Similarly, there are now about 46,000 people with Iranian roots in Metro Vancouver. They are especially moving to downtown Vancouver, West Vancouver and North Vancouver City, where their numbers have grown by a third in a decade — and Farsi-language shops are prevalent. One in 10 West Vancouver residents is now Iranian. Some say the North Shore Mountains remind them of Tehran.
The affectionate nickname for Richmond in the 1960s was ‘Ditchmond,’ because it had so many deep trenches and dikes running among its flat farm fields and modest spread-out bungalows.
But quiet “Ditchmond” is gone. Richmond has had a construction boom that’s turning it into a busy city of mansions, 12-storey condominium towers and dozens of Asian and other shopping malls.
Even though the ethnic Chinese population of Richmond was only a few thousand four decades ago, that has grown by 28,000 since 2006, to a total of 107,000. In the same period, the number of people of British origin in Richmond has gone down by one-quarter to 29,000.
As for other ethnic groups, Filipinos have expanded to eight per cent of Richmond’s population, East Indians have dropped to six per cent and First Nations have plummeted to less than one per cent.
Tom Choy is keeping an open mind as he watches the demographics develop in his beloved city, where he has made a living in real estate, even while he makes it clear he’s irritated by the worsening traffic congestion.

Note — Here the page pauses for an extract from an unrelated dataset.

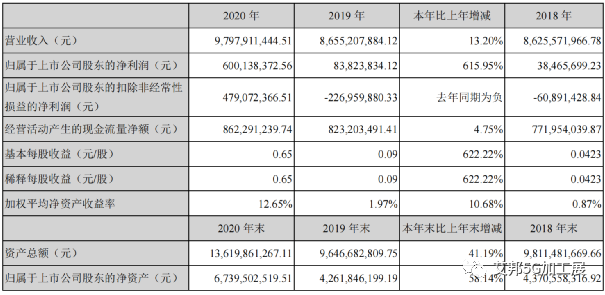 2020年长盈精密笔电零组件产品营收同比增长超过130%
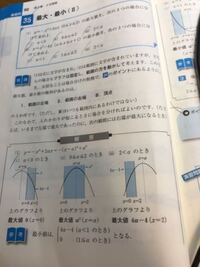 カッコ1の問題の解説でなぜグラフの軸をx Aと置くのでしょうか Yahoo 知恵袋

In several Richmond neighbourhoods, three of four residents are ethnic Chinese. They include the zone of new high-end houses along the Fraser River south of YVR, in the neighbourhood of Thompson, and in the zones south of Minoru Park and east of Garden City Road. The latter tend to be a mishmash of mini-mansions, worn-down old bungalows and pleasant new townhouse complexes.
Unlike in North Surrey, where visual signs of East Indian culture are plain to see, there is almost nothing in these extensive Richmond neighbourhoods of mostly quiet streets and sidewalks that distinguishes them as predominantly ethnic Chinese.

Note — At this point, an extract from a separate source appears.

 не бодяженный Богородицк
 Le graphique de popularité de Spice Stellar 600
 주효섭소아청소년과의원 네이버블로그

Such is not the case, though, at Golden Village, which used to be called the Golden Triangle. It’s a whirring, high-traffic zone of Asian malls in the downtown core centred around Cambie Street and the SkyTrain, where Chinese signs, food, people and products define the scene.

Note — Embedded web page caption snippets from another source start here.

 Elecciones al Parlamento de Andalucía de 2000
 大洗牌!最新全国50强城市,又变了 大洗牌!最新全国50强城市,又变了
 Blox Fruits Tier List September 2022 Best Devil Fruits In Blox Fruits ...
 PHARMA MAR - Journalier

Interviewed in Richmond’s President’s Plaza shopping mall, Choy explains one of the latest question for him has become: How important is it to be able to speak Chinese to hold a job? He has already lost a high-paying position in property marketing because he couldn’t learn Mandarin quickly enough.
And what does Choy think about Richmond politics, since city council is mostly made up of people of European ancestry (even though several local MPs and MLAs are Chinese)?
“I don’t know whether it’s good or bad,” he says.
When it comes to casting a vote, ethnic fealty is not the most important factor for Choy. He also has friends of Chinese, Filipino and Punjabi origin who have no trouble supporting candidates of different backgrounds, including European, if they appear to have integrity.
What other issues lie ahead for Richmond, and Metro Vancouver, with its increasingly varied ethnic populations?
Will distinct enclaves continue to form in Metro? Or will there be vibrant intercultural connections? Or both?
Nobody really knows, and not many care to make predictions. Few academics study such demographic changes, which are complicated and raise sensitivities, in part because in many regions of the world serious tensions exist between various ethnic groups.
In Metro Vancouver, we are being largely left on our own to see whether distinct enclaves will continue to form. Or whether more people, like Choy, will join in vibrant intercultural connections. Some combination of the two trend seems most likely.